_WORK ORDER:_
Extract the records below word for word and ignore the images.

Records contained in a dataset
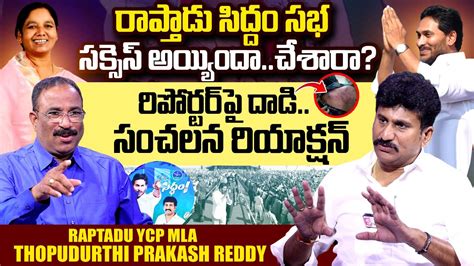 Raptadu Ycp Mla Thopudurthi Prakash Reddy About Cm Ys Jagan Siddham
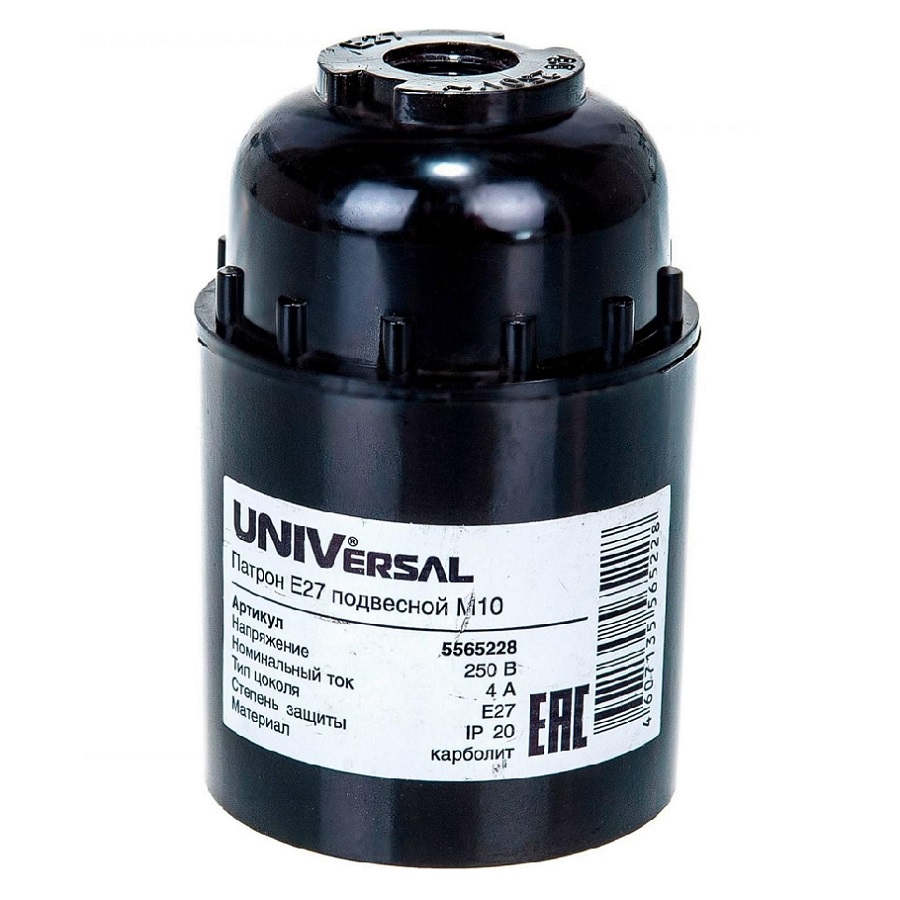 Патрон карболитовый подвесной Е27 М10 черный 4A 250V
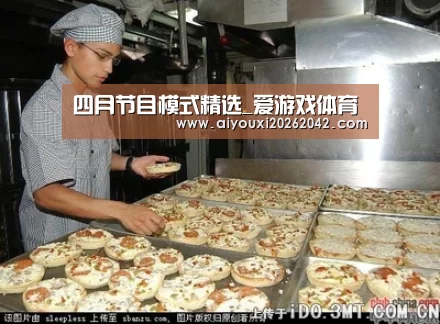 爱游戏赛事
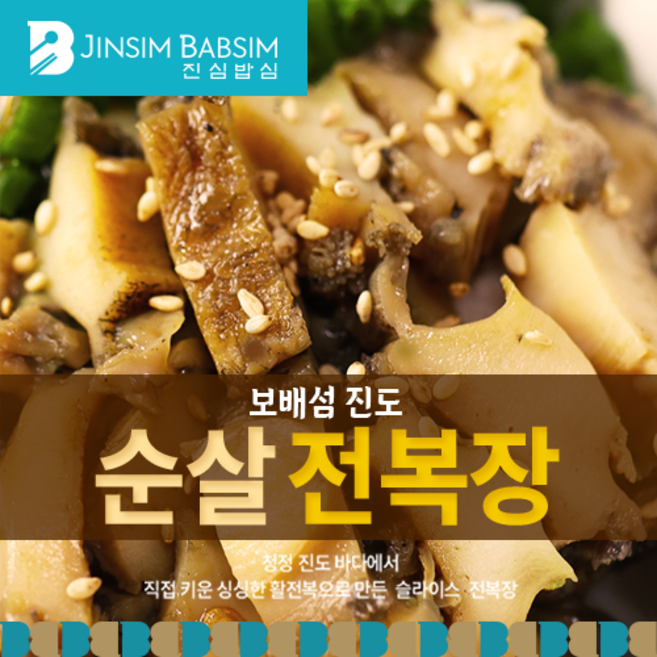 진심밥심(오늘발송) 밥도둑 수제간장 순살 전복장 비법간장 선물용 300g 산지직송 최다 전복함량 건강반찬 부모님선물 순살전복장 (내일도착) [원산지:국산(전라남도 진도군)], 1개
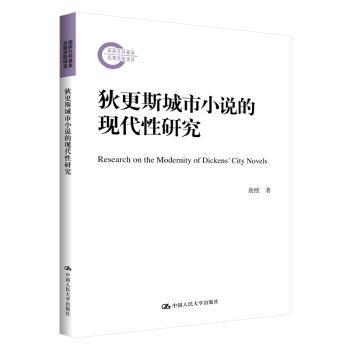 狄更斯城市小说的现代性研究
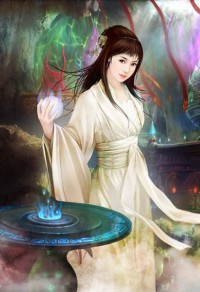 醫道生香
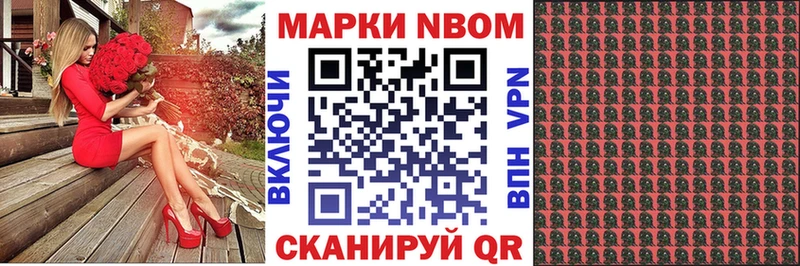 Марки N-bome 1,5мг  Ливны 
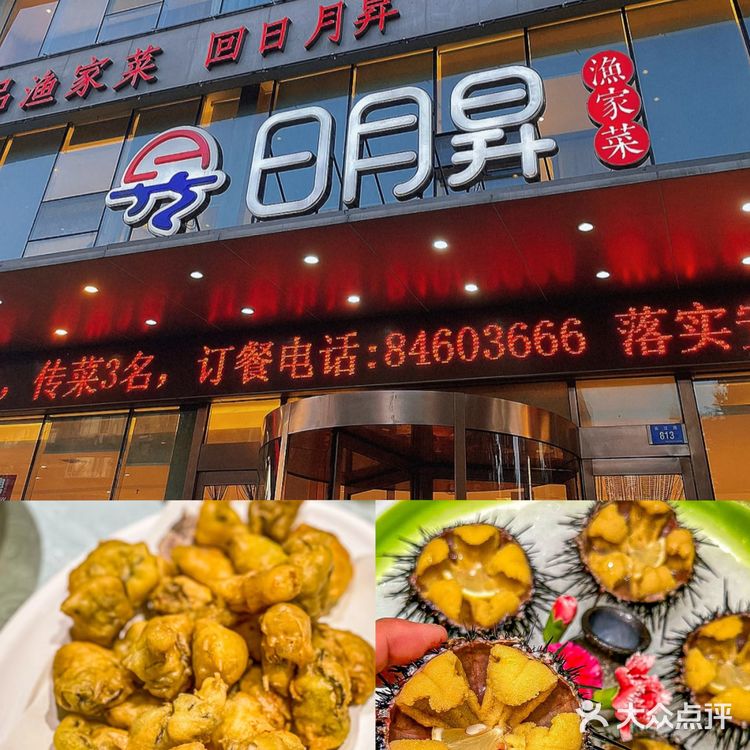 五一广场宝藏的饭店日月昇！量大味美海鲜宴超绝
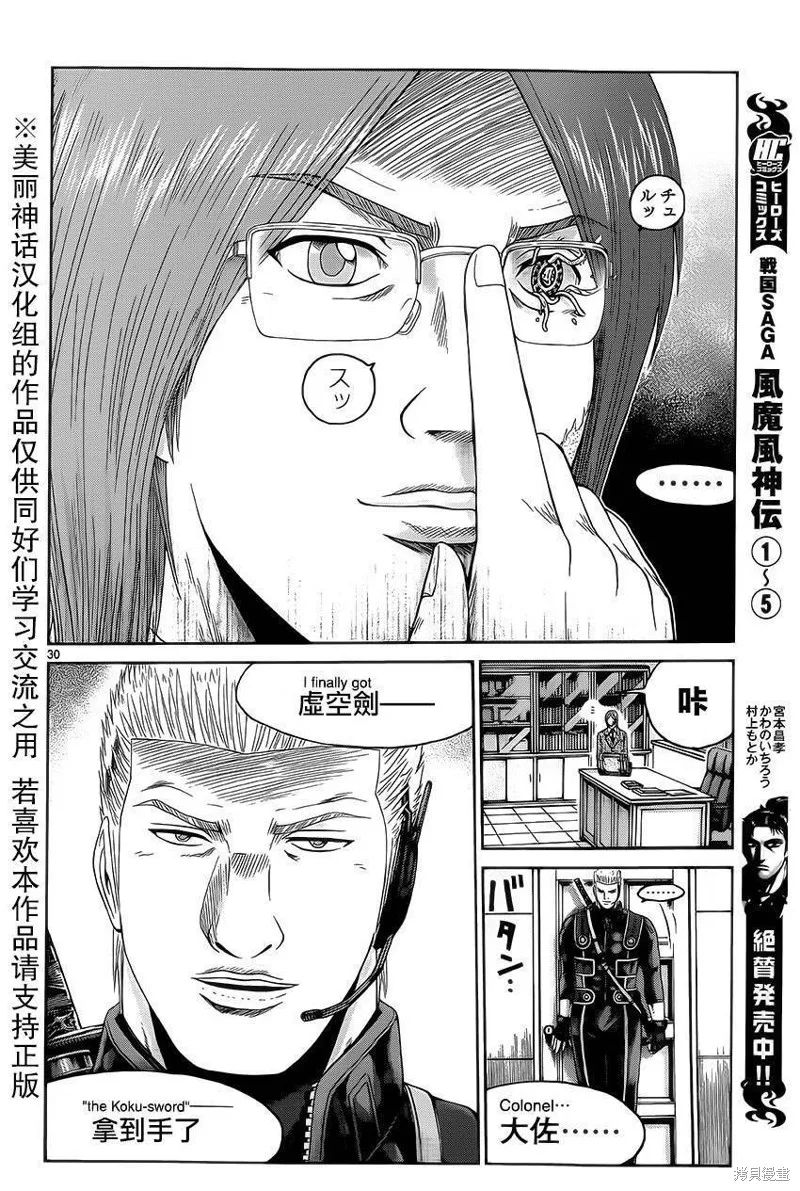靈魂復生者SOUTH,第07话,第27张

_RESULT:_
 Raptadu Ycp Mla Thopudurthi Prakash Reddy About Cm Ys Jagan Siddham
 Патрон карболитовый подвесной Е27 М10 черный 4A 250V
 爱游戏赛事
 진심밥심(오늘발송) 밥도둑 수제간장 순살 전복장 비법간장 선물용 300g 산지직송 최다 전복함량 건강반찬 부모님선물 순살전복장 (내일도착) [원산지:국산(전라남도 진도군)], 1개
 狄更斯城市小说的现代性研究
 醫道生香
 Марки N-bome 1,5мг  Ливны 
 五一广场宝藏的饭店日月昇！量大味美海鲜宴超绝
靈魂復生者SOUTH,第07话,第27张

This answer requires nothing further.